■ TASK TO CARRY OUT: All of the entries below should be printed exactly; the pictures are to be left out.

■ MATERIAL PROVIDED:
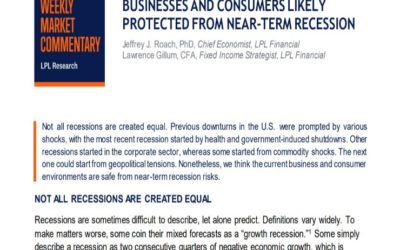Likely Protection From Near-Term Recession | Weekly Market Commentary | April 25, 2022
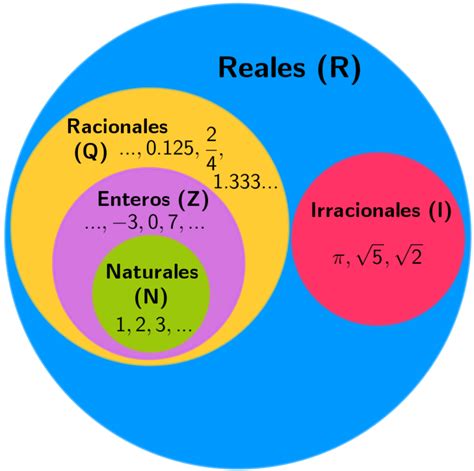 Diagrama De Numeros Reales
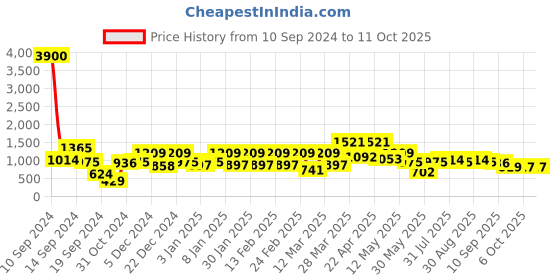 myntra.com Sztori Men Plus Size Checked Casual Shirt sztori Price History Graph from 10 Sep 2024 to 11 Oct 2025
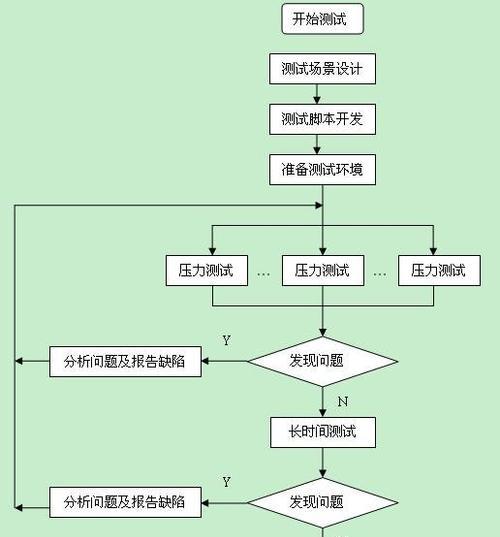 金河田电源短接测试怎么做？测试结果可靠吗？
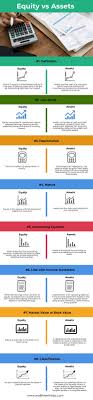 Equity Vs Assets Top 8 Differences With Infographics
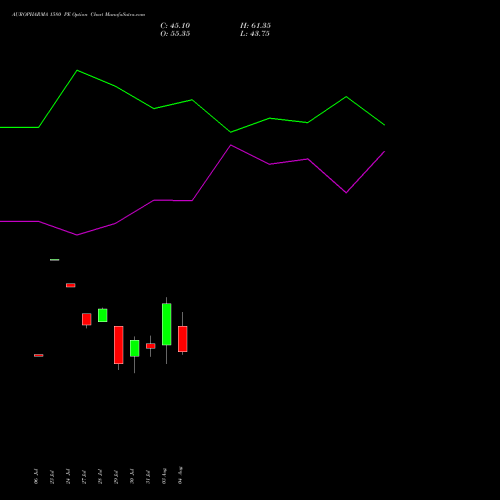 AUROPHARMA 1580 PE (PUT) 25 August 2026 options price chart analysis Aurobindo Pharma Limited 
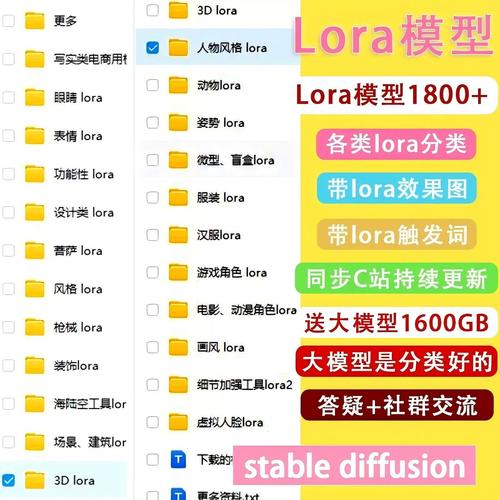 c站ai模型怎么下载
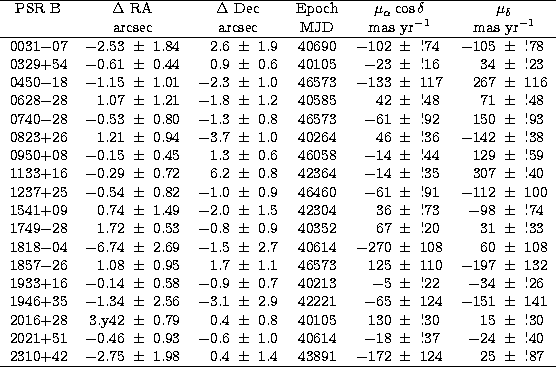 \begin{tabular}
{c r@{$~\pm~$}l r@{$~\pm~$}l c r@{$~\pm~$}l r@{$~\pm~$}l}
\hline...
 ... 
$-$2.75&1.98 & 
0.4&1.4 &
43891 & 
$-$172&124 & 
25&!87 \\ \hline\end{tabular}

■ EXERCISE RESULT:
Likely Protection From Near-Term Recession | Weekly Market Commentary | April 25, 2022
 Diagrama De Numeros Reales
 myntra.com Sztori Men Plus Size Checked Casual Shirt sztori Price History Graph from 10 Sep 2024 to 11 Oct 2025
 金河田电源短接测试怎么做？测试结果可靠吗？
 Equity Vs Assets Top 8 Differences With Infographics
 AUROPHARMA 1580 PE (PUT) 25 August 2026 options price chart analysis Aurobindo Pharma Limited 
 c站ai模型怎么下载
 \begin{tabular}
{c r@{$~\pm~$}l r@{$~\pm~$}l c r@{$~\pm~$}l r@{$~\pm~$}l}
\hline...
 ... 
$-$2.75&1.98 & 
0.4&1.4 &
43891 & 
$-$172&124 & 
25&!87 \\ \hline\end{tabular}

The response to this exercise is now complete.